Ganz Deutschland diskutiert. In unserer Abstimmung sprechen sich über 70 Prozent der Leser dafür aus, dass Kuranyi mit zur WM muss. Immer mehr Experten (Schalke Trainer Felix magath, Fußball-Kaiser Franz Beckenbauer und sogar Leverkusens Trainer Jupp Heynckes) raten Löw zum Umdenken. Auch in unserer Redaktion wird heftig diskutiert. Friedhelm Körner und Christian Kurth sind pro und kontra Kevin Kuranyi.
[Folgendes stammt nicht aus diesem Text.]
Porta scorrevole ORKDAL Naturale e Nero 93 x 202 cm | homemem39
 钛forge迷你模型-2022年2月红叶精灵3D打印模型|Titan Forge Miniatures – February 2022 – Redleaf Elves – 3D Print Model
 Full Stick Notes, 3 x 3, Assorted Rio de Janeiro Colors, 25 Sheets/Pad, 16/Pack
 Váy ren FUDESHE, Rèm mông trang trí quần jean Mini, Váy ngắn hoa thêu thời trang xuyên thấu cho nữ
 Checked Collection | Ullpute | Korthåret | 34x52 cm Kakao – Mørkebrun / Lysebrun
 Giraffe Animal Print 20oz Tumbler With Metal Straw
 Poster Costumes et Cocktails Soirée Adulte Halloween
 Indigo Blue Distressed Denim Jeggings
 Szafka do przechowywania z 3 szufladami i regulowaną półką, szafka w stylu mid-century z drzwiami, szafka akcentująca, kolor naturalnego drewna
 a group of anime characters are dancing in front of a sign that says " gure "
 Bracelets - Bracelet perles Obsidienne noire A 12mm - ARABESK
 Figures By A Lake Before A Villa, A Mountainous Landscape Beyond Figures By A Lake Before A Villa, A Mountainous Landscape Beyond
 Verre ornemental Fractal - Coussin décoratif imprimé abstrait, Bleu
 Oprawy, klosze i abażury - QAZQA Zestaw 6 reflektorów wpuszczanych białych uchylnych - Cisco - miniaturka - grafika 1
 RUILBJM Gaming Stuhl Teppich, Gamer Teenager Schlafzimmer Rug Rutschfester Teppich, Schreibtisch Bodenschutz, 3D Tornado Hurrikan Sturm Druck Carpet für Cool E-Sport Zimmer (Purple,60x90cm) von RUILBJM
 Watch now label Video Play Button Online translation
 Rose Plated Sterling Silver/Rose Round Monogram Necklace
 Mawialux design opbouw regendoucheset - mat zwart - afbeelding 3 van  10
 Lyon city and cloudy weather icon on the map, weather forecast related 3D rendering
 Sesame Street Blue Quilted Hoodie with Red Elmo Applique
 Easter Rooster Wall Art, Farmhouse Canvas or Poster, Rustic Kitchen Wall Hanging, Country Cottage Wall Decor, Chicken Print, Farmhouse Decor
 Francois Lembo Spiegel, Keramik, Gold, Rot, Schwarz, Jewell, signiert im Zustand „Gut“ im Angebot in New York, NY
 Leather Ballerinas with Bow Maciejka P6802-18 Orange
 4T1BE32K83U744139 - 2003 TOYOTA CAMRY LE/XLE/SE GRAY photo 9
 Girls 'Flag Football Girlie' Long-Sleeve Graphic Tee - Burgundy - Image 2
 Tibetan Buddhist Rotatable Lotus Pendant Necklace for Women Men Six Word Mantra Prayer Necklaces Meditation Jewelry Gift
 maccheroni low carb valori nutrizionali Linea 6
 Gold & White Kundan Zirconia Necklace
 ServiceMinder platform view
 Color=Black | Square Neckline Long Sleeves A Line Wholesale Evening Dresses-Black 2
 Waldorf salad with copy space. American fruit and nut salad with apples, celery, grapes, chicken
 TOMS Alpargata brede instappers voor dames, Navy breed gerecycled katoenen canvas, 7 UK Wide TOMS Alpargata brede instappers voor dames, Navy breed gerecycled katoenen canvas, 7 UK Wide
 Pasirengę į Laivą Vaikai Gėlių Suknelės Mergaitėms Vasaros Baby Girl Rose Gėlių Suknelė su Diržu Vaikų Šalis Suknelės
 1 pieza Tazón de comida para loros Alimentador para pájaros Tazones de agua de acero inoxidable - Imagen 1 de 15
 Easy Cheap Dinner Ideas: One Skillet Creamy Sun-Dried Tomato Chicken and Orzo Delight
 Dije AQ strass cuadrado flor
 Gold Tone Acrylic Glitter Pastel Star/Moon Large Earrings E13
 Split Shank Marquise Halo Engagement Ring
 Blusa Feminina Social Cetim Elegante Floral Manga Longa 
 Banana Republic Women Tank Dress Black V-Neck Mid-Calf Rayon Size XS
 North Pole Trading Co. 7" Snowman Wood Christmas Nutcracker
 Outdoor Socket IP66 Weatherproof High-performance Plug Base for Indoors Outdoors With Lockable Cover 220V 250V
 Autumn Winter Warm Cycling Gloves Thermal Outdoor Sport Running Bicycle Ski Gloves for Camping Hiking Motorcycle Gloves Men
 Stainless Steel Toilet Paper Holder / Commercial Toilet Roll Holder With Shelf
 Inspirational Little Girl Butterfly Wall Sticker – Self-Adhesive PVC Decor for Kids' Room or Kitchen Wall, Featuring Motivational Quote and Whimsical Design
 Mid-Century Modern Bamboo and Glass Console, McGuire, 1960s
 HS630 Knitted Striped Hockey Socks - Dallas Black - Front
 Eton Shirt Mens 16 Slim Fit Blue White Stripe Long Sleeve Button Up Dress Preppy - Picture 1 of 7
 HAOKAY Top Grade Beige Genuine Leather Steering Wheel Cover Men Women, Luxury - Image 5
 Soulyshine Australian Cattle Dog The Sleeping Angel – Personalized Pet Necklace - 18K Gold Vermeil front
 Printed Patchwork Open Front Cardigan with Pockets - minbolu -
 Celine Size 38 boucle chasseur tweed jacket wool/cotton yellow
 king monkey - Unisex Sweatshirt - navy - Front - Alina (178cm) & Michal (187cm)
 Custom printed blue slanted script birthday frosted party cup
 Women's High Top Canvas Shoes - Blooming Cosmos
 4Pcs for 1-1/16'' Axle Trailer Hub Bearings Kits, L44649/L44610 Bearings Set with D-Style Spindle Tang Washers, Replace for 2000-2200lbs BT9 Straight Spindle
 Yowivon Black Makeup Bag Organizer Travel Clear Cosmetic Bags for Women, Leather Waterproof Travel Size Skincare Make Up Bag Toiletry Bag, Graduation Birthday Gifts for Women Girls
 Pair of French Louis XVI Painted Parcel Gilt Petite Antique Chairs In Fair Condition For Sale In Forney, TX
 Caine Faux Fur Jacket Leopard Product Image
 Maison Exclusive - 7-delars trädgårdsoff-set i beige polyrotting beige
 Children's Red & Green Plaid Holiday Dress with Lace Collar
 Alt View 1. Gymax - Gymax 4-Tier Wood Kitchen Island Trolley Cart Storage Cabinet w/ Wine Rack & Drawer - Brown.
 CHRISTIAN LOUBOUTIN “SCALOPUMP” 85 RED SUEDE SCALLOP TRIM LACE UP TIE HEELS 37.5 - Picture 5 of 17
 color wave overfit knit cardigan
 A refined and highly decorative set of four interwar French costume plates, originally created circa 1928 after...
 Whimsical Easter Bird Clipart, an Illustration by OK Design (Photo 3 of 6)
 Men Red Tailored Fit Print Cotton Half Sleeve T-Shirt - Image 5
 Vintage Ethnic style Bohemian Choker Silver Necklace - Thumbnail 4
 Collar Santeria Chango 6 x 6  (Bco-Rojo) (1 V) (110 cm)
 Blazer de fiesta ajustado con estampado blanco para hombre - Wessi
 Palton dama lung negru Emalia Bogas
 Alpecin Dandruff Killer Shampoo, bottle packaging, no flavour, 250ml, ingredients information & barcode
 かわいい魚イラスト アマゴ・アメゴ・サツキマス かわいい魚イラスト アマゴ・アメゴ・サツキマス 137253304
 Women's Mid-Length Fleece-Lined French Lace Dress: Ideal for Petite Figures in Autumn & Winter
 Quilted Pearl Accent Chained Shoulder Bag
Pro Kuranyi von Friedhelm Körner

Mit jedem Tor, das Kevin Kuranyi in der Fußball-Bundesliga erzielt, bringt er Schalke 04 dem Meistertitel näher. Und mit jedem Tor wächst der Druck auf Joachim Löw, den 28-Jährigen vor der WM zurückzuholen in den Kreis der Nationalmannschaft. Nach rein sportlichen Kriterien hat der Bundestrainer keine andere Wahl. Denn Kuranyi ist gegenwärtig der erfolgreichste deutsche Stürmer in der Liga. Er spielt konstant auf hohem Niveau, und nur der Leverkusener Stefan Kießling ist ähnlich torgefährlich. Miroslav Klose und Lukas Podolski dagegen sind nur noch Schatten ihrer selbst.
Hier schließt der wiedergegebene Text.